PROMPT: Retype the lines below exactly, but only those from the line that has "Camisa safari de" through the line that has "MODEL JEEP Delivery". Omit every picture.

PROVIDED RECORDS:
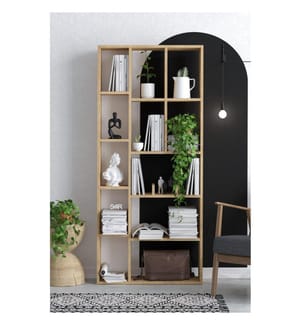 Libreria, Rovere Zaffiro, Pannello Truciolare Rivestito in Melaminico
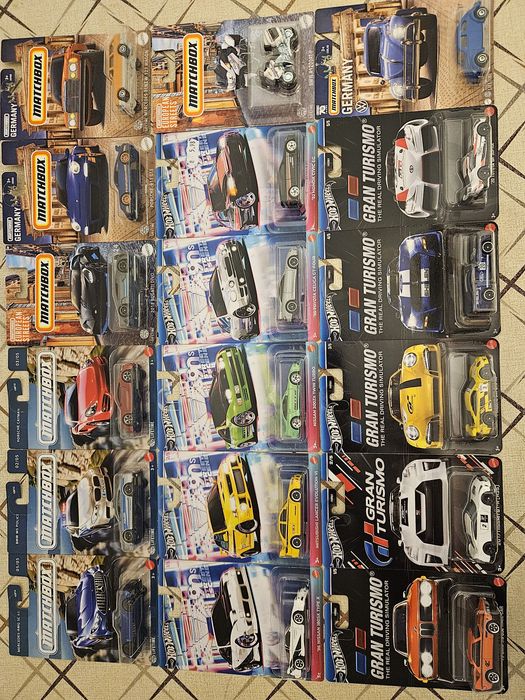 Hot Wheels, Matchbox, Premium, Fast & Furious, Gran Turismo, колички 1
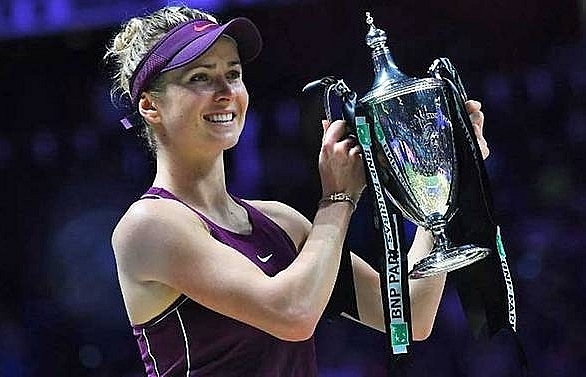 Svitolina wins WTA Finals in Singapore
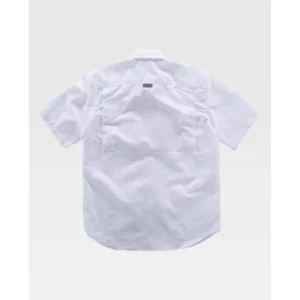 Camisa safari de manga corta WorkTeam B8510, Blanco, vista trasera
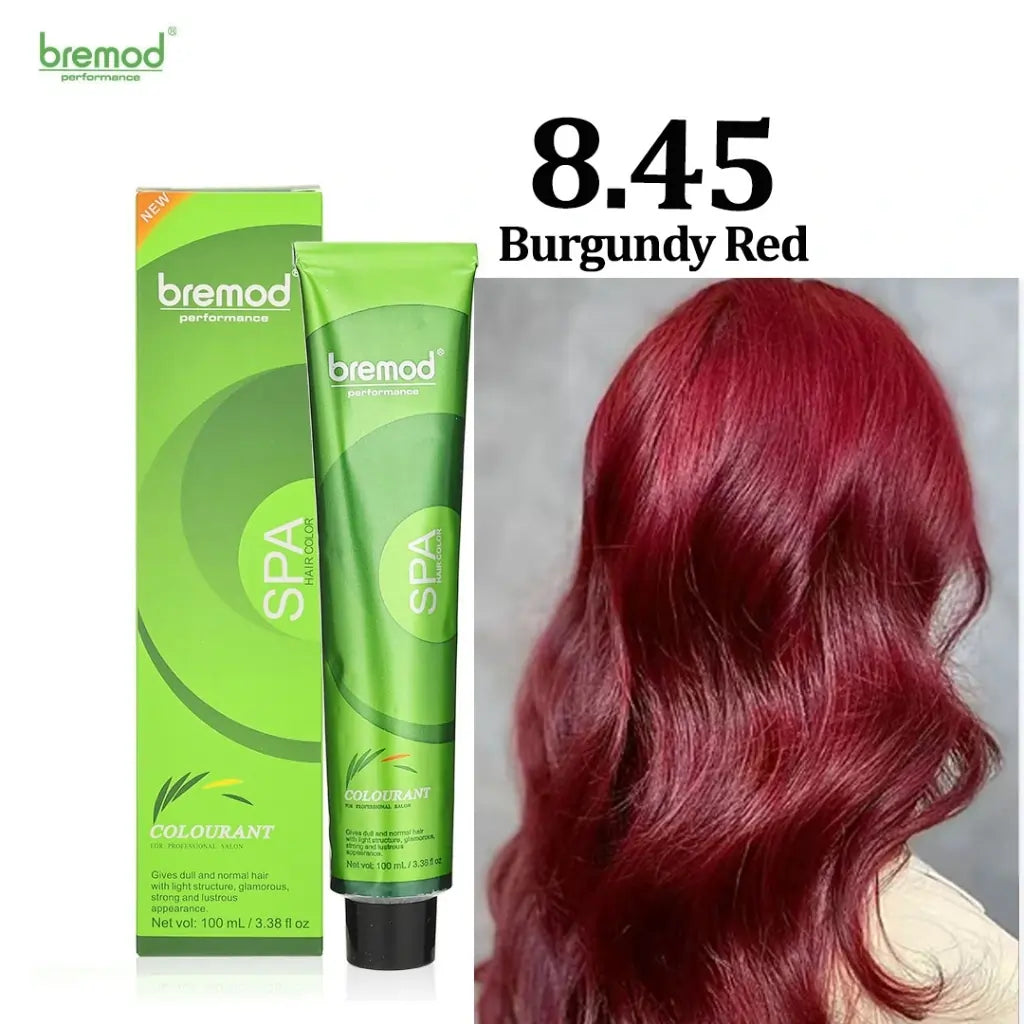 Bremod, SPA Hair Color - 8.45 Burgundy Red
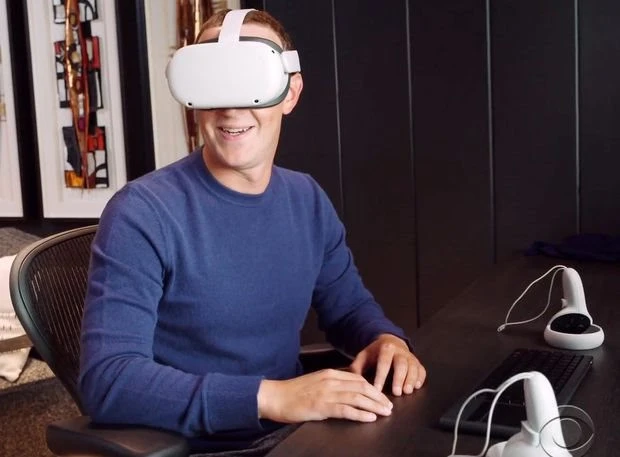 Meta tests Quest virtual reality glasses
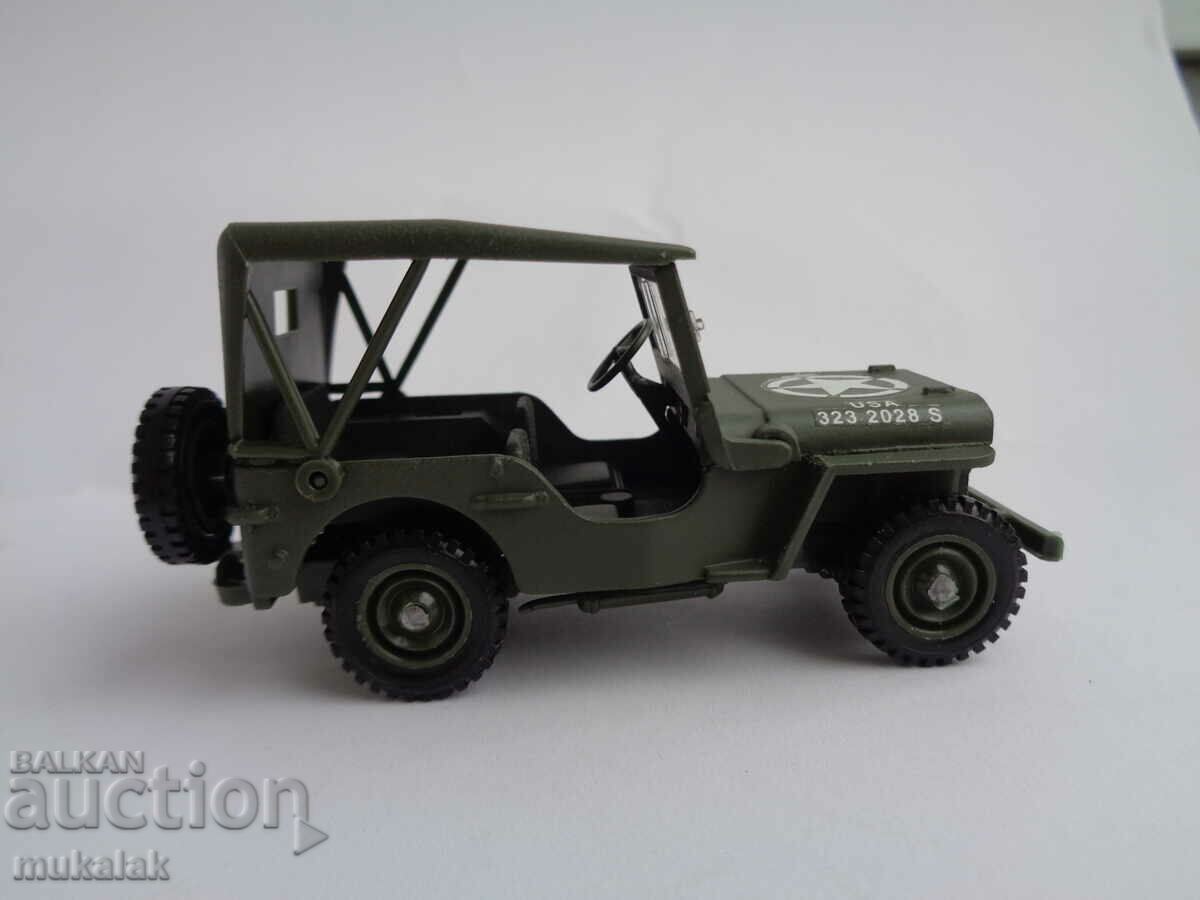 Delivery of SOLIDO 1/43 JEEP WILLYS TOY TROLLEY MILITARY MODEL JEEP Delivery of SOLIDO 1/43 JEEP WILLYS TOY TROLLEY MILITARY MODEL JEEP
--
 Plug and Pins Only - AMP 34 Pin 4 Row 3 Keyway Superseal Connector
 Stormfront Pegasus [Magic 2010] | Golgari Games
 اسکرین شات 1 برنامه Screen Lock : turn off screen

THE COMPLETED TASK:
 Camisa safari de manga corta WorkTeam B8510, Blanco, vista trasera
 Bremod, SPA Hair Color - 8.45 Burgundy Red
 Meta tests Quest virtual reality glasses
 Delivery of SOLIDO 1/43 JEEP WILLYS TOY TROLLEY MILITARY MODEL JEEP Delivery of SOLIDO 1/43 JEEP WILLYS TOY TROLLEY MILITARY MODEL JEEP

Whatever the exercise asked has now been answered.